Ходасевич взял из этого синонимического ряда «умышленность» для «умышленных речей» и «поучение» для строчки «Не поучал Орфей, но чаровал», стремясь как можно явственней эксплицировать свое расхождение с «идейностью» Гиппиус, навязываемой ему Адамовичем.
Предположу, что «умышленные речи», откликаясь непосредственно на гиппиусовский контекст, включали в себя и отсылку к Брюсову как еще одному представителю раннего модернизма. В рецензии 1916 года на брюсовский сборник «Семь цветов радуги» Ходасевич предвосхищал мысль, которая наиболее отчетливо прозвучит уже в его эмигрантской критике, о несоответствии Брюсова-человека и Брюсова-поэта:
Как Петербург – «самый умышленный город» в России, так Брюсов был среди нас самый умышленный человек.
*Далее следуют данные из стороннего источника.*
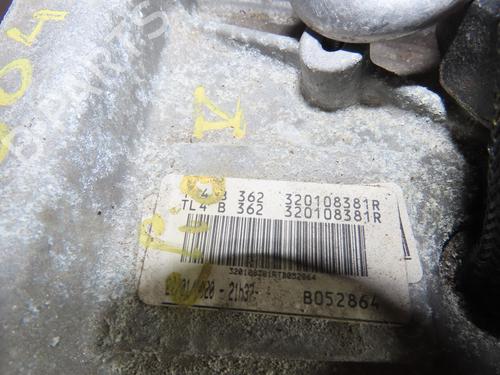 gearbox-renault-clio-v-b7_-2019-32223668 main image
Как по манию царя город вознесся «из тьмы лесов, из топи блат», так из заветной брюсовской Повседневности встал по воле поэта не совсем настоящий, «идеальный» Брюсов, такой, каким он представлен на Врубелевом портрете, – каким описал его Андрей Белый:
Застывший маг, сложивший руки, —
и в другом месте:
Бледный оборотень, дух…
Я хотел бы, чтобы такой день как можно дольше не наступал, но все-таки такой день однажды настанет: явится биограф Брюсова. И думаю, что этому исследователю во что бы то ни стало придется считаться с намеченным различием между идеальным, умышленным Брюсовым и Брюсовым, жившим в нашей действительности. Может быть, именно в связи с этим различием и будет вскрыта трагедия его творчества [Ходасевич 1996–1997, 1: 464–465].